Жаль мне вас, братие, скорблю вместе с вами об отце с дочерью, но мне пора возвращаться домой, на Псковщину. Прощайте и не взыщите! Прощай и ты, хранитель большого города, приятно было познакомиться...
Он уже расправил было крылья, чтобы взлететь, но ангел Юлиус ухватил его за крыло и взмолился отчаянно:
— Постой, братец, не улетай!
Ты ,конечно, свою Аннушку любишь, как не всякий отец любит свое дитя. Ты ей сейчас и за мать, и за отца, а скоро будешь и за бабушку. Все это я, брат, разумею.
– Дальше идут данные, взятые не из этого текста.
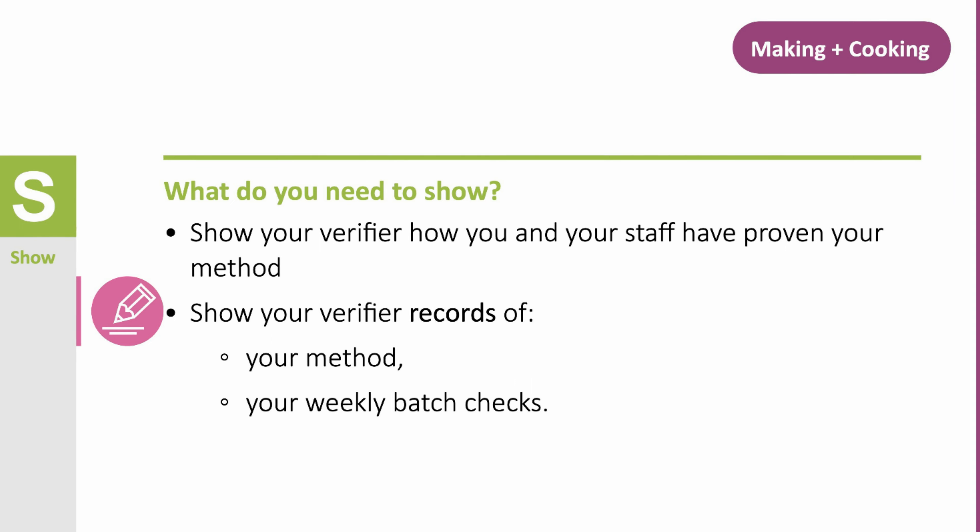Check your method works three consecutive times with different batches of the same food to prove that your controls are achieving safe and suitable food. If any of your three checks shows that your method does not work, you must redesign your method until you achieve three consecutive successful checks. Once proven, you must check that your method still works by checking one batch of the food weekly.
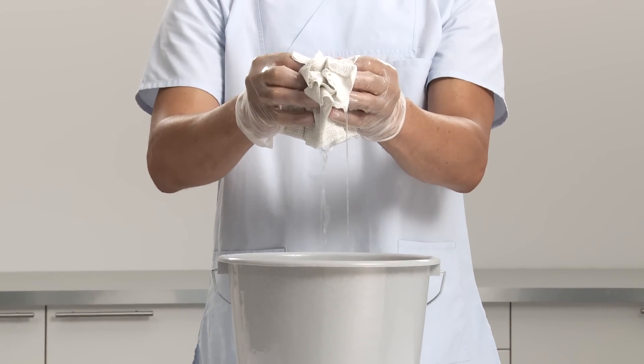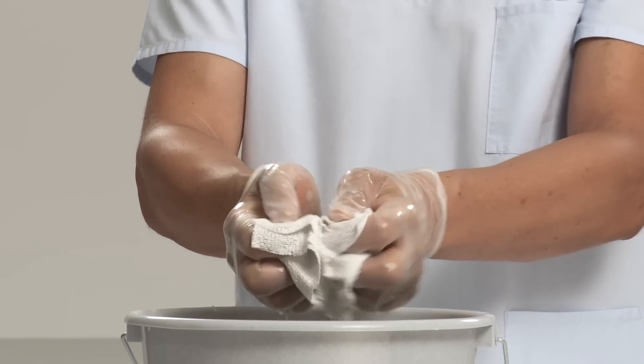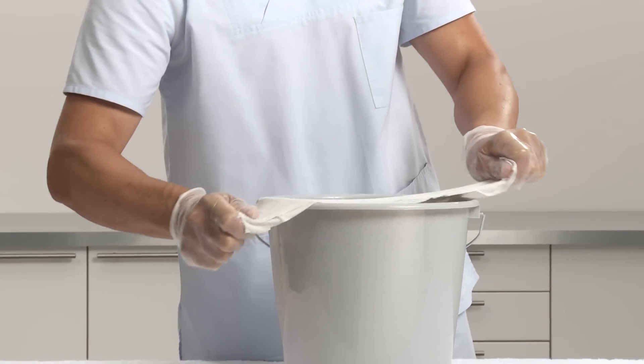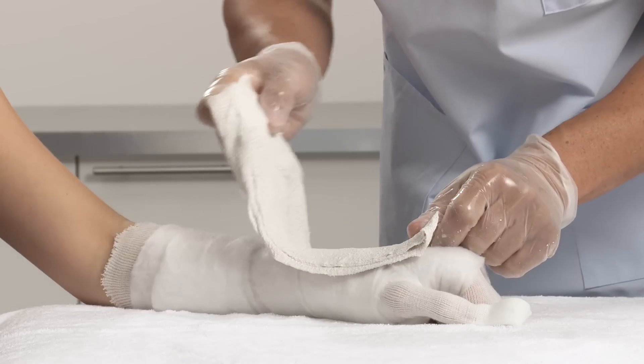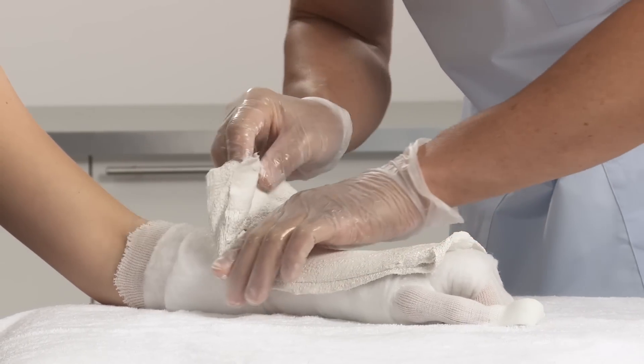Activate the splint by dipping into cool water, holding the ends and maintaining the splint fold. Remove from water and gently squeeze to drain. Straighten out the splint and run it over the edge of the bucket to smooth and dispose of surplus water. Apply the splint onto the patient's arm and gently smooth down.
Но и к моей-то Юлечке имей снисхождение, пожалей ты ее, кроху горемычную, погибает ведь совсем мое дитятко! Ее ли вина в том, что она почти всю свою маленькую жизнь росла без бабушки Насти, без светлой ее опеки? Она ли виновата в том, что некому было учить ее молитвам и в Божий храм водить? А ведь она бабушке Насте такая же родная внучка, как твоя Аннушка. Братец Иванушка, скажи ты по совести своей ангельской, от века незамутненной, разве не могло случиться так, что Аннушку твою увезли бы в Питер, а мы с Юленькой остались бы жить в Пскове, под покровом Псково-Печерской Лавры, с мамой Ниной и бабушкой Настей? Взяли бы родители да и поменялись девочками, ведь они их совершенно случайно выбрали: мать — Аню, а отец — Юлю.
— Что ты, что ты, братец! И подумать даже страшно! Я без бабушки Насти не справился бы, от нее всегда были тепло и свет в нашем доме.
— А у нас в доме — тьма болотная, — вступил в разговор ангел Димитриус. Он опустился на колени рядом с Иваном по другую сторону и тоже положил ему голову на плечо, словно боясь, что тот вдруг поднимется и улетит. Иван повернул к нему лицо и поглядел на него.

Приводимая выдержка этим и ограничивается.